A l'Hiver Succède Toujours le Printemps (mai 1275,
à Myoichi-Ama)

Pendant 1200 ans, un bodhisattva nommé Kiken brûla son propre corps pour l'offrir au bouddha Nichigatsu Jomyotoku, et, pendant 72 000 mille ans, se brûla les bras en offrande au Sutra du Lotus, et renaquit par la suite sous la forme du bodhisattva Yakuo. Pendant de nombreux kalpas, le bodhisattva Fukyo fut calomnié, ridiculisé, attaqué à coups de canne et de bâton, de tuiles et de pierres, uniquement parce qu'il pratiquait le Sutra du Lotus. Mais par la suite, il renaquit sous la forme du Bouddha Shakyamuni. Ainsi la voie qui mène à la boddhéité requiert des formes de pratique différentes en fonction du temps. [...]
De nos jours il est évident que le Sutra du Lotus reste, comme par le passé, l'enseignement suprême. Mais la pratique change selon les époques. Aujourd'hui, se retirer dans les forêts ou les montagnes pour lire ou réciter le Sutra, ou l'exposer en vivant dans un village et en observant quantité de préceptes, ou même se brûler les coudes en offrande ne permet plus d'atteindre la boddhéité.
Lettre au nyudo d'Ichinosawa (Minobu, 8 mai 1275, à l'épouse du nyudo d'Ichinosawa)

Accepter et garder, protéger et croire, ne serait-ce qu'en une strophe du Sutra du Lotus, est encore plus bénéfique que de faire des dons à tous les êtres vivants, des offrandes aux arhat, ou même d'offrir à tous les bouddhas assez des sept sortes de trésors pour emplir la totalité d'un système majeur de mondes.
La bonne fortune inégalée (Minobu, 1l mai 1280, au seigneur Nishiyama)

Shakyamuni reprocha à Shariputra de manger une nourriture impure, Shariputra fut si surpris qu'il la recracha. Il est question ici de nourriture impure parce qu'il ne s'agit pas d'une offrande faite avec le coeur. Cela implique que celui qui reçoit des offrandes des ennemis du Dharma n'est pas apte à atteindre l'Eveil.
Traité pour ouvrir les yeux (Sado, février 1272)
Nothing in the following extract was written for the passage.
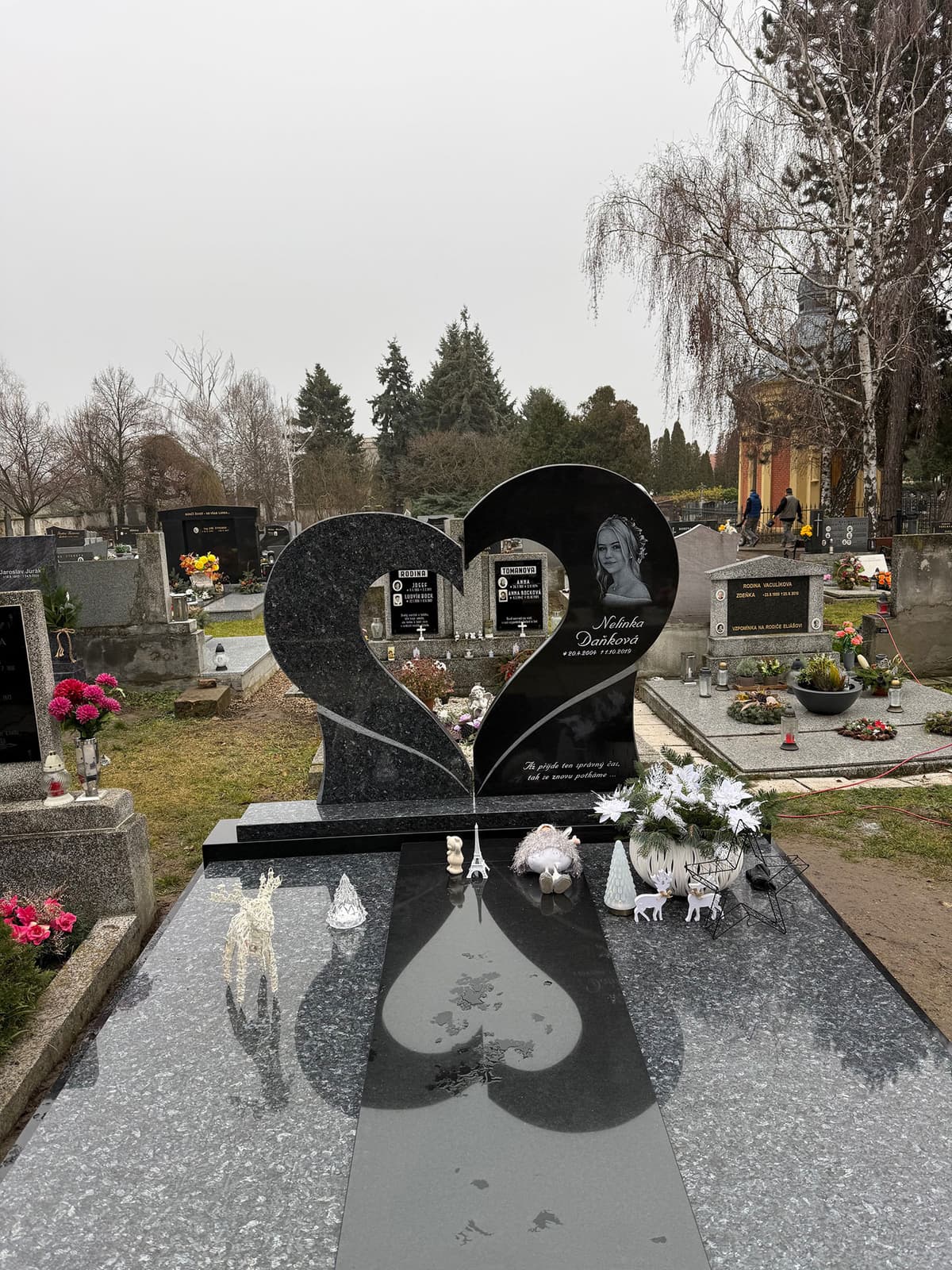 Kamenný pomník na míru – STONIA kamenictví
J'ai bien reçu un kan de pièces de monnaie seifu, un to [18 litres] de riz sec, et les autres articles. Tokusho Doji, pour avoir offert un pâté d'argile au Bouddha, renaquit sous la forme du roi Ashoka, et une vieille femme qui avait fait au Bouddha l'offrande d'un gâteau de riz, renaquit sous celle d'un pratyekabuddha. (note)
Le tambour à la porte du Tonnerre (Minobu, 19e j. du 10 mois (intercalaire) 1278, à Sennichi-ama)

Parmi les moines de notre époque, nous en voyons certains qui, secrètement, sollicitent des dons destinés à leur seul usage. Le Sutra du Nirvana compare ces moines à des chiens sauvages. Ils deviendront, dans leur prochaine vie, des démons à tête de boeuf* (goshirsha). Il y en a d'autres qui ne dissimulent pas les offrandes mais qui, dominés par l'avidité, ne les partagent pas avec les autres. Dans leur existence future, ils seront des démons à tête de cheval.